Your task: Copy word for word the lines in the records below, starting at the line with "Catalizator Honda Civic" and ending at the line with "Seattle Kraken Hockey T-Shirt". Skip the pictures.

(Extracted information)

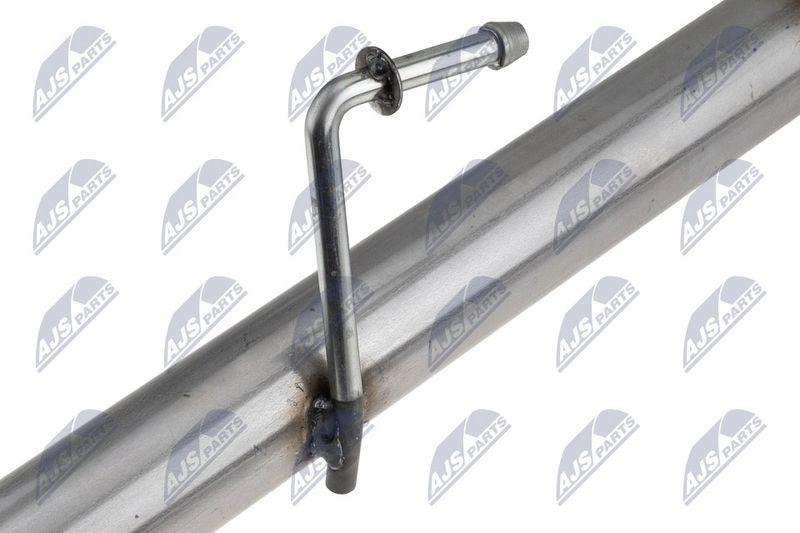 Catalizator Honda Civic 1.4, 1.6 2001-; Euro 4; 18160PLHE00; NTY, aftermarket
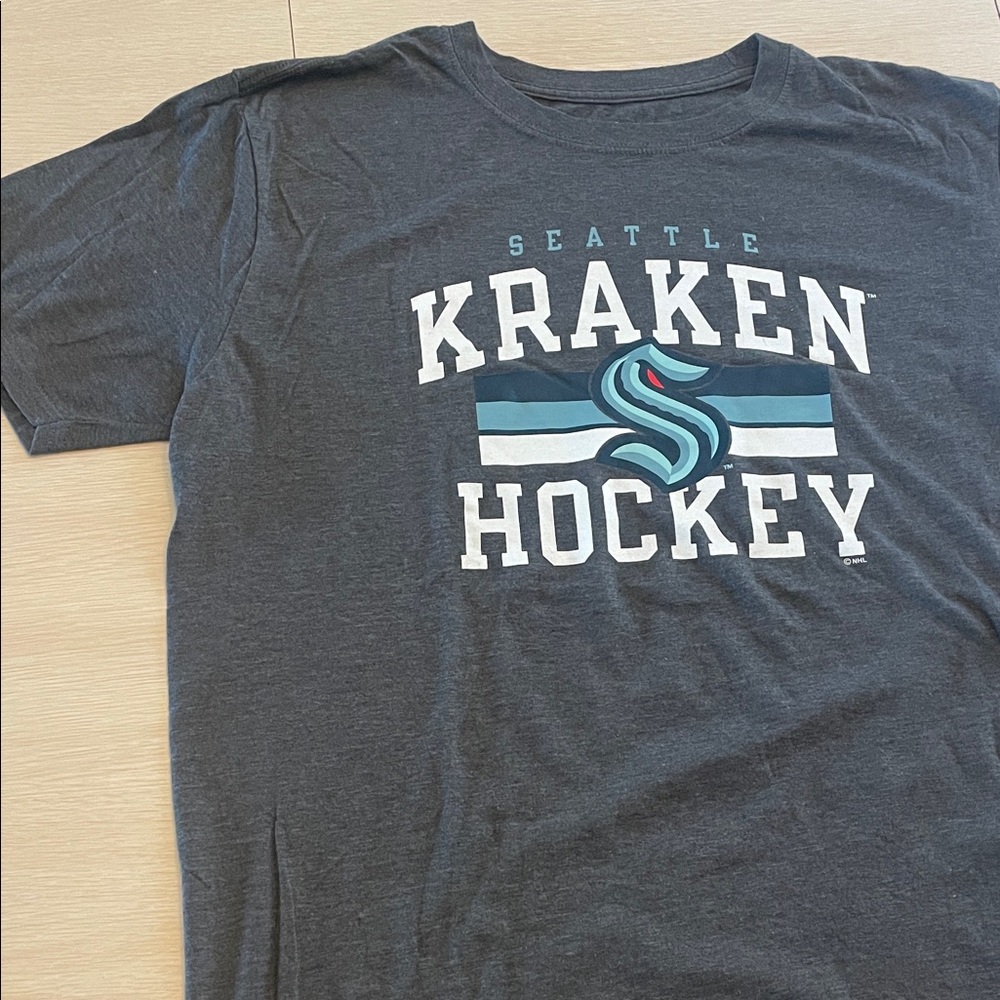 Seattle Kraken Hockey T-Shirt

(End Extracted information)
(Extracted information)

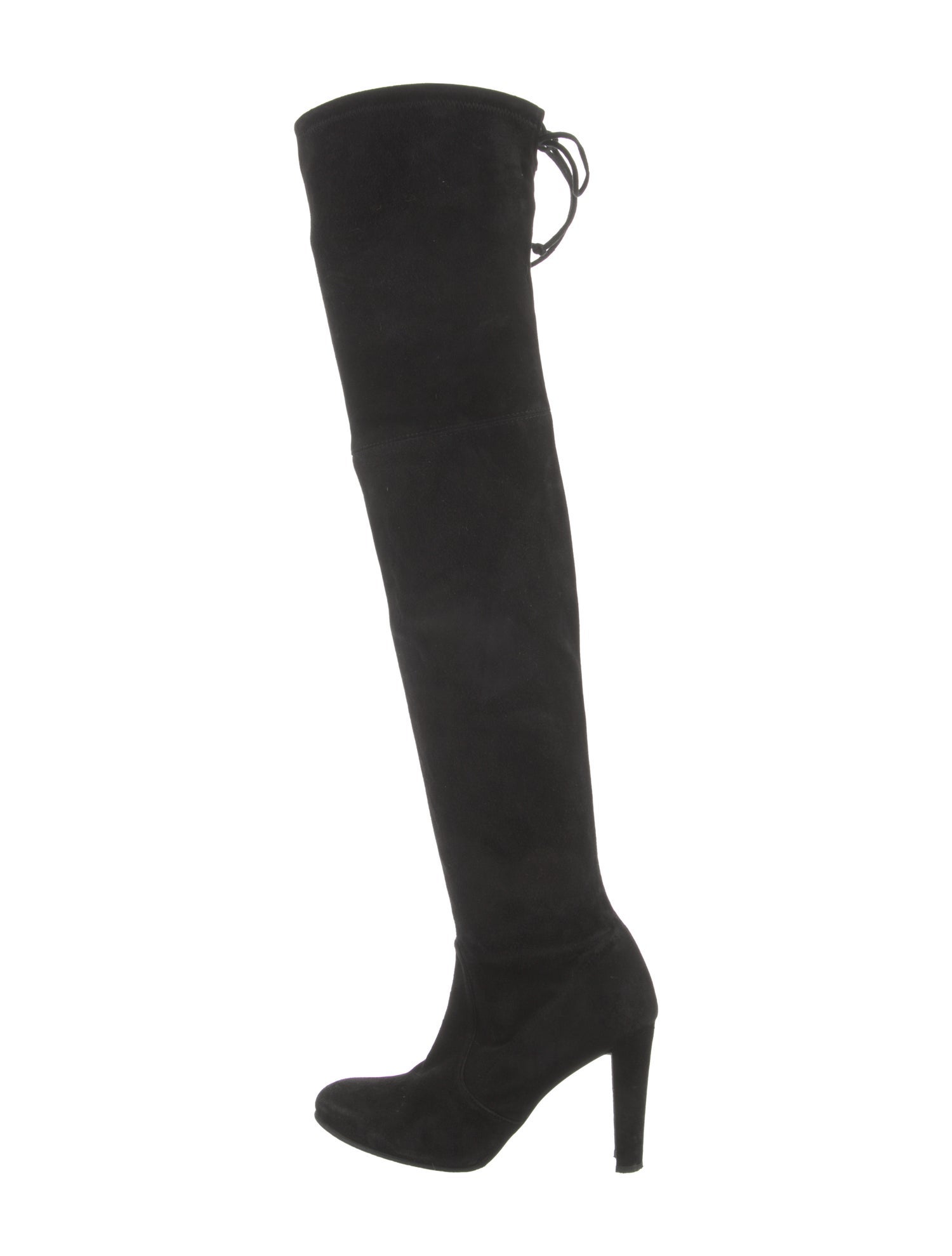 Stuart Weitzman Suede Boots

(End Extracted information)

Response for this exercise:
 Catalizator Honda Civic 1.4, 1.6 2001-; Euro 4; 18160PLHE00; NTY, aftermarket
 Seattle Kraken Hockey T-Shirt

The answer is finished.